Felicity Barnes: the best is history

Felicity Barnes knows how hard her colleagues in history work and the value of their research. She’s behind a new $500,000 History Innovation Fund she hopes can help.

Dr Felicity Barnes
Dr Felicity Barnes: 'The thing about New Zealand history is there's so much more to learn.' Photo: Elise Manahan

After a year away from teaching to focus on research and her health, Dr Felicity Barnes was excited to get back into the classroom and to be mingling with colleagues.

“I’ve really enjoyed being back teaching. I’ve been concentrating on my research for the past six months, so it’s been good to be actively engaged with the students face-to-face.”

What happened next, a few days after this conversation, was a closed campus and a move to online teaching, but not before Felicity had shared some good news with her history colleagues in the Faculty of Arts.

She and husband Michael Whitehead have donated $500,000 to set up the History Innovation Fund, which will initially support a postdoctoral fellow in New Zealand history for 2021 as well as numerous other initiatives to improve research outputs in New Zealand history.

If there’s a national problem to be written about, then let’s turn to a historian. Historians can tell us a lot about past pandemics.

Dr Felicity Barnes, lecturer in history, Faculty of Arts University of Auckland

Having recently sold two companies, Felicity says the couple was in a position to support learning, with a focus on Felicity’s passion, history.

“This was something I wanted to do, but Michael was really on board with it as an idea. Both of us are alumni and we’re both products of the old-fashioned free education system. Michael’s training in computer science and commerce was directly relevant to what he did next – ultimately co-founding data analytics company WhereScape and services firm NOW Consulting. I also worked in business before returning to academia.

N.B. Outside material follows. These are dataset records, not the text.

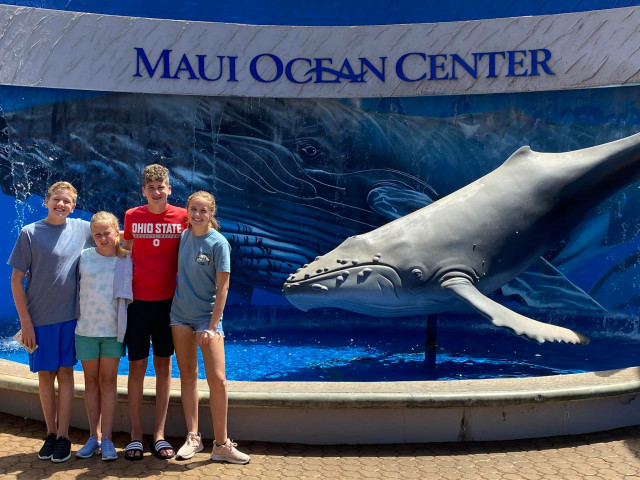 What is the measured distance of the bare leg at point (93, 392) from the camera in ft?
17.8

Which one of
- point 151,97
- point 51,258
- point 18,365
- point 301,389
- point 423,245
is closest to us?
point 51,258

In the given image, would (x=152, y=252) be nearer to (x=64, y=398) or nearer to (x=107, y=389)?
(x=107, y=389)

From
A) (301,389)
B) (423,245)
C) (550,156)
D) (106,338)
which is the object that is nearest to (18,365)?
(106,338)

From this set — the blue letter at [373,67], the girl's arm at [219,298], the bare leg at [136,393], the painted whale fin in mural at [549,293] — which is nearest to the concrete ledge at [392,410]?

“What I saw upon my return was how hard academics work and how limited their resources are, compared to what you might expect if you’re working in business.”

She says academics spend years becoming specialists in their subjects, through teaching and research, but often find it tough to gain funding for what they need.

“It’s abundantly clear that the whole sector is not supported to the level that it should be by government funding.”

At a recent Town Hall gathering with staff, Vice-Chancellor Professor Dawn Freshwater explained that the unfortunate issue is that no country has its funding model right for tertiary institutions.

“That’s true,” says Felicity. “But there are more generous models than ours, even Australia.

Anyway, it just became clear to me that this is an area where we could make a difference.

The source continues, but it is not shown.